Biodiesel can be blended and used in many different concentrations, including B100 (pure biodiesel), B20 (20% biodiesel, 80% petroleum diesel), B5 (5% biodiesel, 95% petroleum diesel) and B2 (2% biodiesel, 98% petroleum diesel). B20 is a common biodiesel blend in the United States.
Biodiesel can be legally blended with petroleum diesel in any percentage. ASTM International develops specifications for conventional diesel fuel (ASTM D975). These specifications allow for biodiesel concentrations of up to 5% (B5). Low-level biodiesel blends, such as B5 are ASTM approved for safe operation in any compression-ignition engine designed to be operated on petroleum diesel. This can include light-duty and heavy-duty diesel cars and trucks, tractors, boats, and electrical generators.
B20 (20% biodiesel, 80% petroleum diesel) is the most common biodiesel blend in the United States. B20 is popular because it represents a good balance of cost, emissions, cold-weather performance, materials compatibility, and ability to act as a solvent. Using B20 provides substantial benefits and avoids many of the cold-weather performance and material compatibility concerns associated with B100. Most biodiesel users purchase B20 or lower blends from their petroleum distributors or biodiesel marketers. Biodiesel blends of 20% (B20) or higher qualify for biodiesel fuel use credits under the Energy Policy Act of 1992.

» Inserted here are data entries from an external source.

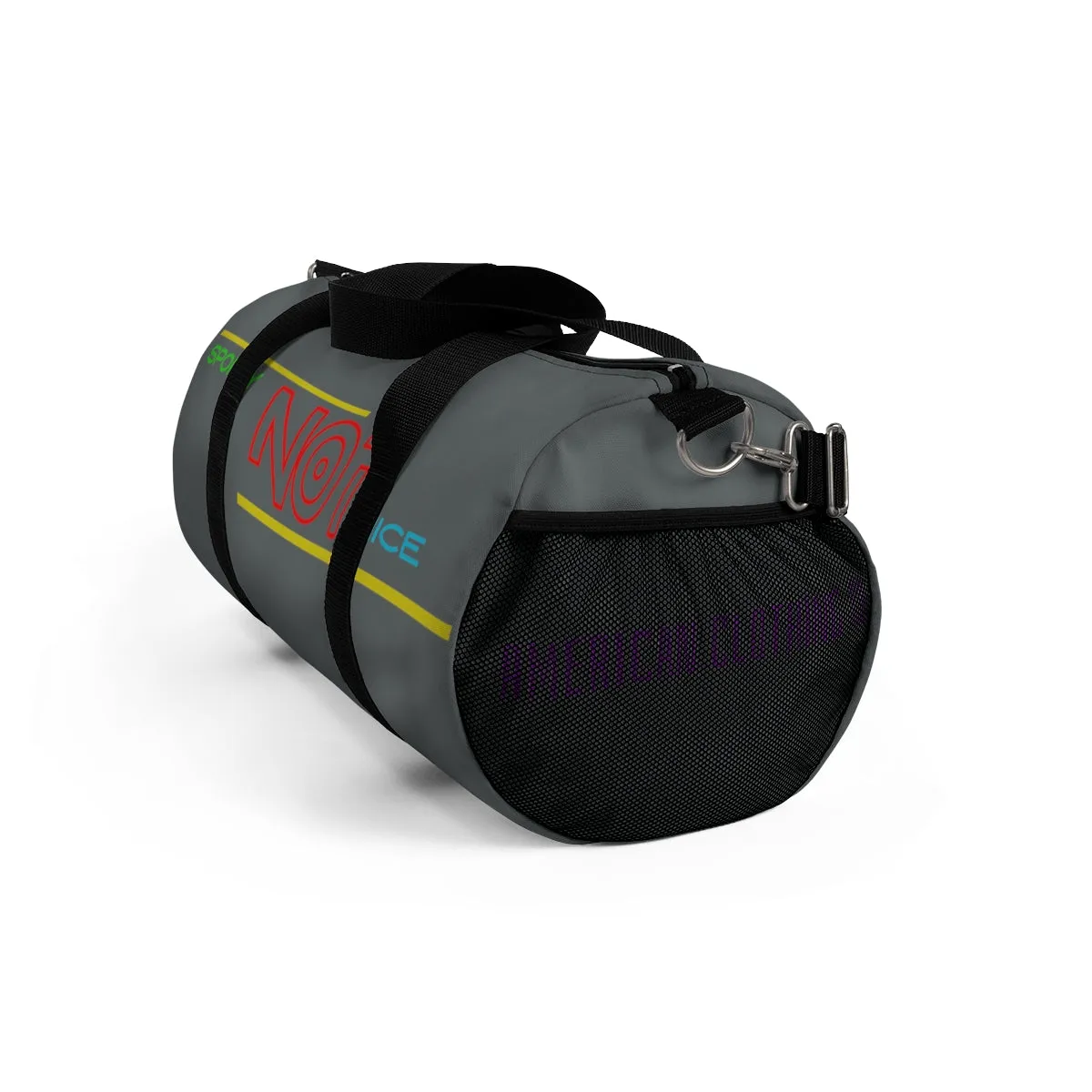 Sports Bag (Sporty Not Nice ) Grey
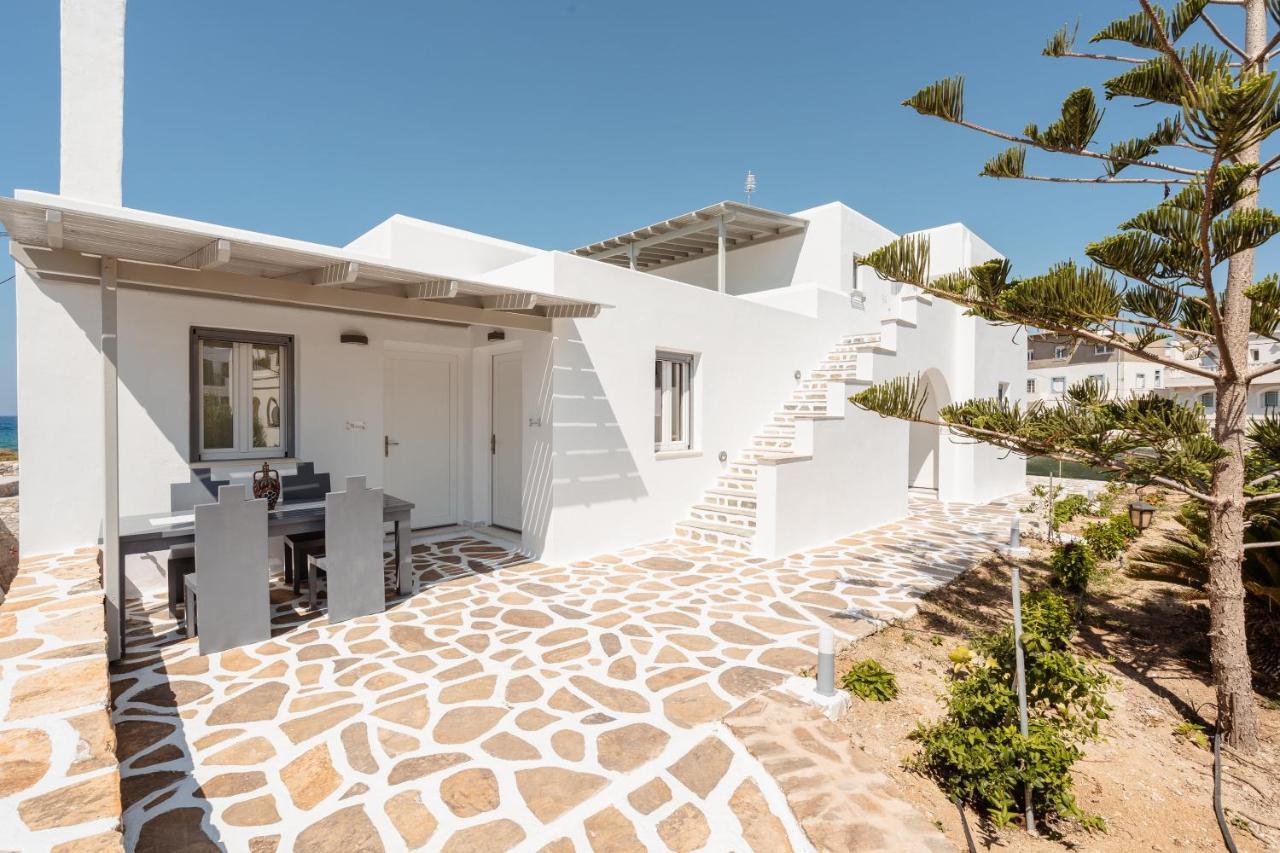 Celestial Seaview Apartments- Apollon Naxos City Extérieur photo
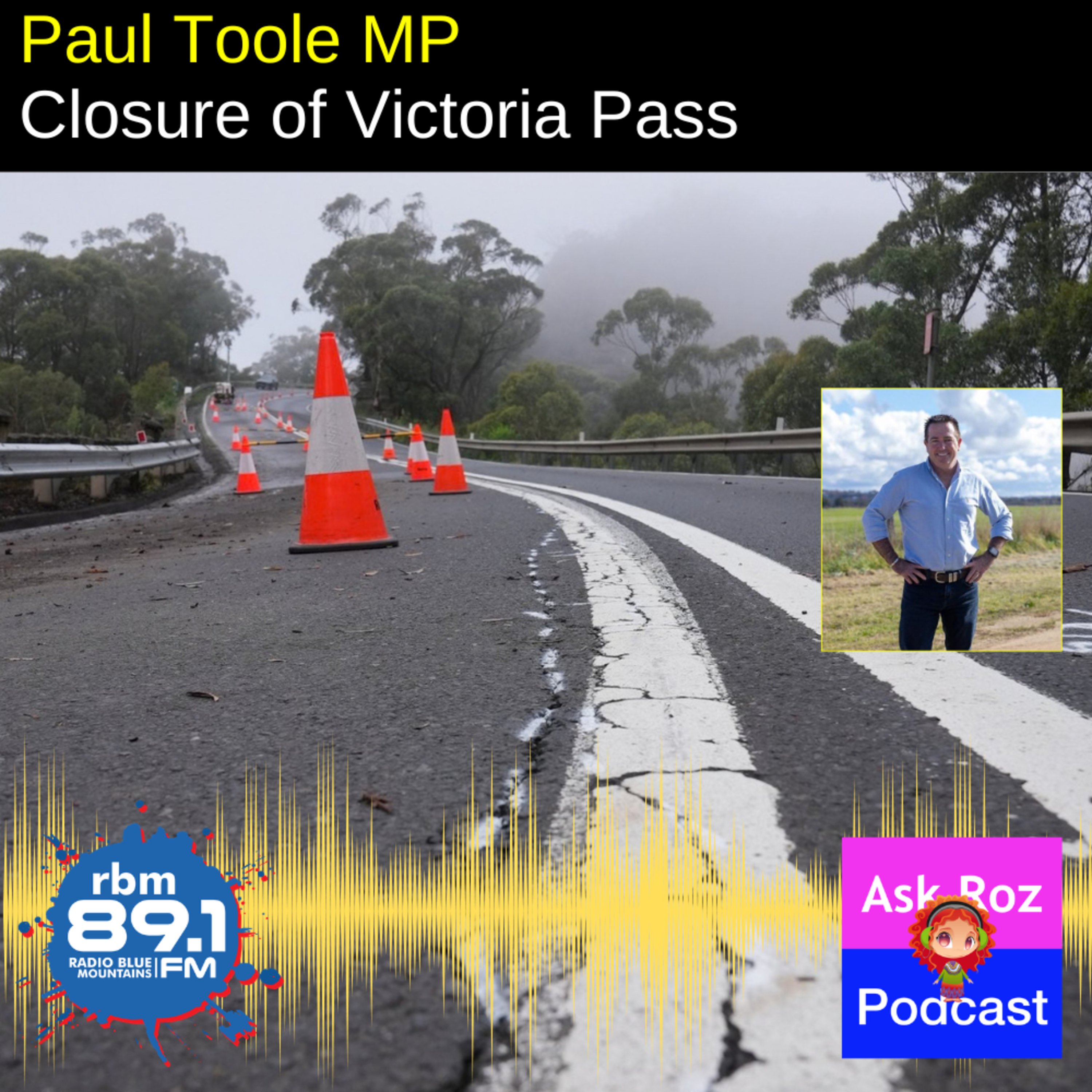 Paul Toole MP discusses the 'Closure of Victoria Pass'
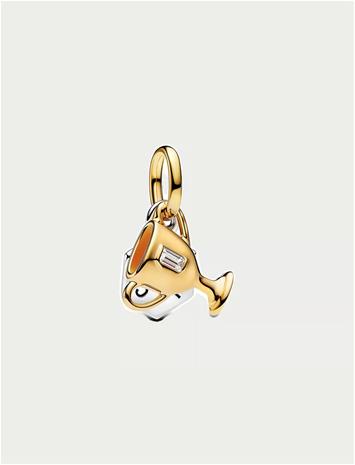Pandora Engravable Trophy Double Dangle Charm - Multi/patterned - ONE SIZE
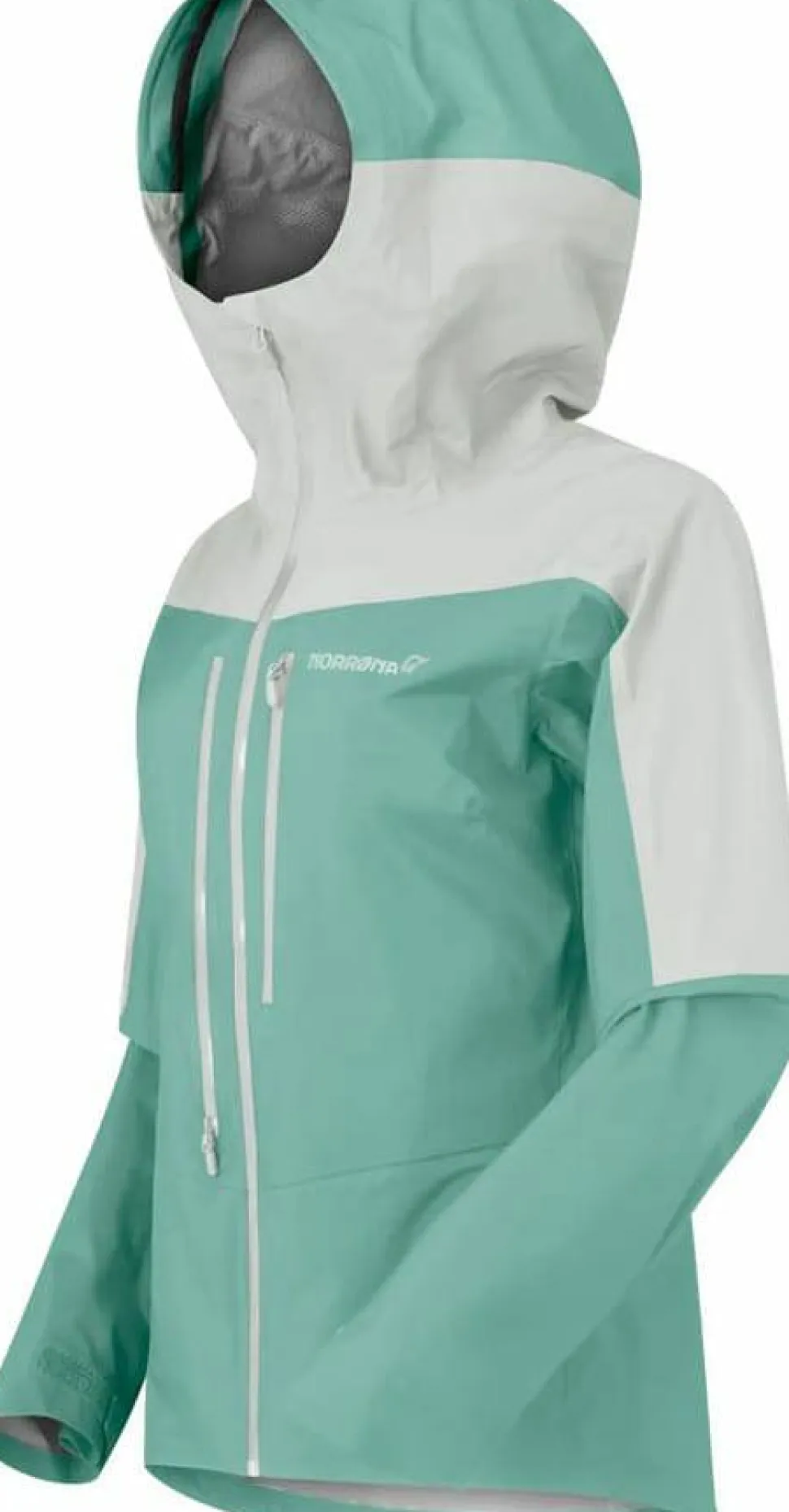 Norrøna Women's Falketind Dri1 Jacket Malachite Green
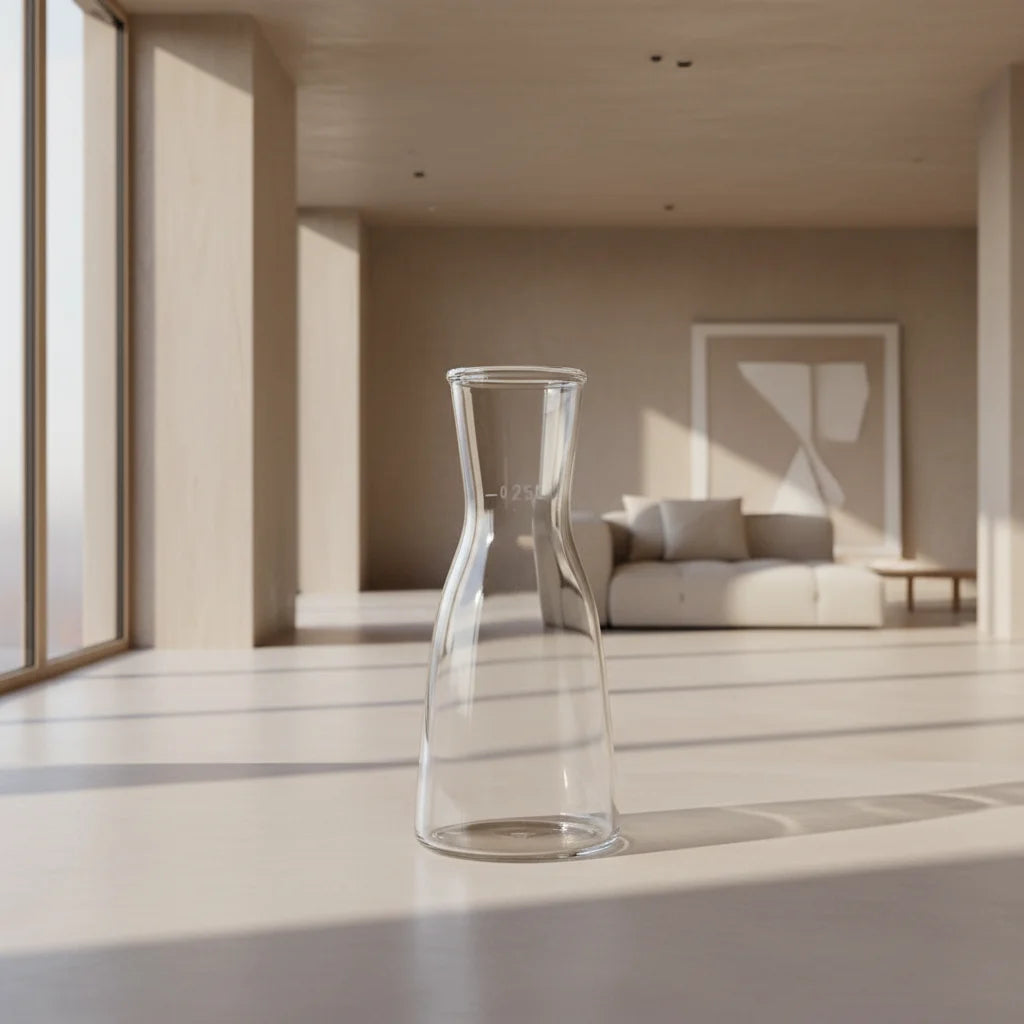 Καράφα Γυάλινη OSSA 250ml - Μινιμαλιστική Λύση για Σέρβις Νερού & Κρασιού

B20 and lower-level blends generally do not require engine modifications. Engines operating on B20 have similar fuel consumption, horsepower, and torque to engines running on petroleum diesel. B20 has a higher cetane number (a measure of the ignition value of diesel fuel) and higher lubricity (the ability to lubricate fuel pumps and fuel injectors) than petroleum diesel.
However, not all diesel engine manufacturers cover biodiesel use in their warranties (see the National Biodiesel Board's OEM Support list for those that do support the use of biodiesel blends). Because diesel engines are expensive, users should consult their vehicle and engine warranty statements before using biodiesel. Biodiesel blends between B6 and B20 must meet prescribed quality standards—ASTM D7467 (summary of requirements).
Biodiesel contains about 8% less energy per gallon than petroleum diesel. For B20, this could mean a 1% to 2% difference, but most B20 users report no noticeable difference in performance or fuel economy. Greenhouse gas and air-quality benefits of biodiesel are roughly commensurate with the blend. B20 use provides about 20% of the benefit of B100 use.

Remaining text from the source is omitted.